I made my way through the dark hall and past the sleeping men, quaking as one of them snored loud or tossed on his pallet. I groped through the passageway, and pushed open the worn door out into the kitchen yard. By the large cooking pit, illumined by its embers, sat the hunched form of Eomer, who rose to greet me. He had a stout length of hempen rope coiled about one shoulder, and two large packs and my satchel were at his feet.
“He be deep in his cups, and near dead to this world,” he whispered, jerking his thumb in the direction of the Dane in the cellar opening.
“We will need a torch,” I whispered back, and tried to steady my voice so that Eomer would not hear my fear. He picked up a short bundle of oiled rushes, and cast it into the coals to light it. I took it from him and gestured, Come.
We gained the opening, and walked down the ramp to where the Dane lay. He did not stir, but breathed in a shallow, gasping hiss of a snore. A cup, near filled with ale, was beside him, as was an ewer, and I could only hope he had drunk enough. At his side lay a long dagger, sheathed, and along the wall, his spear.
We went down the few steps and into the first passage. As we reached the low wooden door my heart pounded so that my hand trembled, causing the torch flame to dance and flicker as if we stood in open wind. Eomer moved in front of me, and slid open the iron bar and pulled open the door. I moved into the cell, and saw Gyric lying much as I had left him.
I could not find voice to speak his name, and was terrified to touch him lest he be dead. But I moved closer, and knelt down by his head, holding the torch above him. Eomer came into the space and looked down upon us. “Ah,” he cried out as he saw Gyric’s face. “Those cursed gits! What they have done to him.”
Gyric moaned, and moved one of his hands as if he would cover his face, and by this told us he lived still.
“Gyric,” I whispered. “We are friends, come to take you out of this place.” He did not answer, or seem to hear me, but I went on, “We have horses waiting, and now we must go to them.”
For answer he had only a moan. Eomer stooped down and half-dragged, half-carried Gyric out through the door. In the passageway he lifted him upon his shoulders, and I shut the door and set the iron bar that served as bolt.
Gyric spoke not, and lay as a dead man across Eomer’s shoulders, and tho’ the old man bent under his burden, his step was firm as he followed me out of the passage and past the unknowing guard.
We walked as rapidly as we could across the yard to the place where the kitchen stream flowed out. Eomer dropped down upon his knees and lowered Gyric to the ground. Gyric said nothing, and moved not, but I knew he breathed.
Eomer returned and pressed himself against the base of the palisade wall, and with all the force in his body strained against a panel there. It slid back upon itself and the opening where the stream flowed out was doubled and more than doubled in size.

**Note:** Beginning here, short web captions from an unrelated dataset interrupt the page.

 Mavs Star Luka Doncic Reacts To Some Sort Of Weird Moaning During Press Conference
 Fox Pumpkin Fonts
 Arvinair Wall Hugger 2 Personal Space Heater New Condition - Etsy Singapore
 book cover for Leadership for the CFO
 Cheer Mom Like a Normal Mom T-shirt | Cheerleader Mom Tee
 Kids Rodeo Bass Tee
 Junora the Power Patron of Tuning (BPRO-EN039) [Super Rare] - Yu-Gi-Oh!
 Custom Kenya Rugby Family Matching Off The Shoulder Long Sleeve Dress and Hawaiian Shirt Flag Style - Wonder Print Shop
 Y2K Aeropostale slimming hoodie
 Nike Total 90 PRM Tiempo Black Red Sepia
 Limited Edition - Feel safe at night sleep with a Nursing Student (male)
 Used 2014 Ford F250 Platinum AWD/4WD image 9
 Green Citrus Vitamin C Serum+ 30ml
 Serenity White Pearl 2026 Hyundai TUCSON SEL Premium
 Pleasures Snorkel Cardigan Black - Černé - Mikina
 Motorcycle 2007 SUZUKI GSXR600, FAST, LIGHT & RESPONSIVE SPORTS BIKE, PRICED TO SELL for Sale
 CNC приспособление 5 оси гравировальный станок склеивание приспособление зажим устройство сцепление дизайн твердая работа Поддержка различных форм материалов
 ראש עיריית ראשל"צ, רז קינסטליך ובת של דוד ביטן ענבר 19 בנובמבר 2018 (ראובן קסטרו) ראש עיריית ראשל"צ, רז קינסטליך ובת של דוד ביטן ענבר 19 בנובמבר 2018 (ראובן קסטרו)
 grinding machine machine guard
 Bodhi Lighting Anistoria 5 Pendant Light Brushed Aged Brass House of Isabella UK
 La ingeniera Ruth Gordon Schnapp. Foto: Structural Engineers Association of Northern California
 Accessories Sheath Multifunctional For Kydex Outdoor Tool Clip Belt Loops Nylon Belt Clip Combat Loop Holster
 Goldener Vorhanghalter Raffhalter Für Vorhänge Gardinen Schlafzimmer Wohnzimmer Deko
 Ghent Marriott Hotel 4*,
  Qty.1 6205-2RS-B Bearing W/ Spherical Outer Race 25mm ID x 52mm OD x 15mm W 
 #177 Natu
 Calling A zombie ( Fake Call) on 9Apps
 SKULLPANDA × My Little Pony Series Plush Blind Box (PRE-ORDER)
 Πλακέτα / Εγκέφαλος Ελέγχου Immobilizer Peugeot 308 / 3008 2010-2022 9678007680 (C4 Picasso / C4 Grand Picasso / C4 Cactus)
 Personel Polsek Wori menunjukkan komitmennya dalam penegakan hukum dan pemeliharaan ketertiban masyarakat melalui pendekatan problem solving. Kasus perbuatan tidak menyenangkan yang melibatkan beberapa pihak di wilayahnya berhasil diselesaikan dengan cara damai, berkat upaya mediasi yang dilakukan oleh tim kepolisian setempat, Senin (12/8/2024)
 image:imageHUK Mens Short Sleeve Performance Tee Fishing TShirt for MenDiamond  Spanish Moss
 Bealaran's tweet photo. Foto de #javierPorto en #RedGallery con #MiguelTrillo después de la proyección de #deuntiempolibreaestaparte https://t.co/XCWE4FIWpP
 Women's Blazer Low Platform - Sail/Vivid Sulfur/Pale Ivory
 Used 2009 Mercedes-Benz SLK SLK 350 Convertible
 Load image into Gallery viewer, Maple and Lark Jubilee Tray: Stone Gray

“‘Tis for the Spring flood time. The stream grew large each Spring before the Danes took it underground, and this way ‘twould flow out without flooding the yard,” he explained to me, and uncoiled the rope from his shoulder. “You go first, Lady, holding onto this rope as you go, and then I will lower the bags to you, and finally the man.”
I took firm hold of the knotted end he passed to me, and stepped into the stream and knelt in its cold waters. I crawled backwards through the opening. I could not see where I was going, the stones were sharp through my gown and thin boots, and the water soaked me through. The stream fell away beneath me, and I clambered and groped my way down a wet and slippery rock face, nearly falling. I stood at the bottom, and Eomer’s face appeared through the palisade.
“Now the packs,” he hissed, and he drew up the rope, and lowered them one by one. I untied them and carried each out of the stream bed, and stood waiting, trembling with wet and fear.
It seemed many minutes passed, and I heard much splashing and movement above me. I saw the legs of a man as Gyric was lowered feet first by Eomer. He let him down slowly, by a rope tied criss-cross around his chest, but still Gyric bumped against the sharp rock as he came.
When he reached the bottom I worked to untie the wet knot. I tried to keep Gyric leaning against the rock face, but he crumpled into the few inches of water we stood in. I dragged him from it, and tugged upon the freed rope. Eomer pulled it up, and in a moment stood by my side.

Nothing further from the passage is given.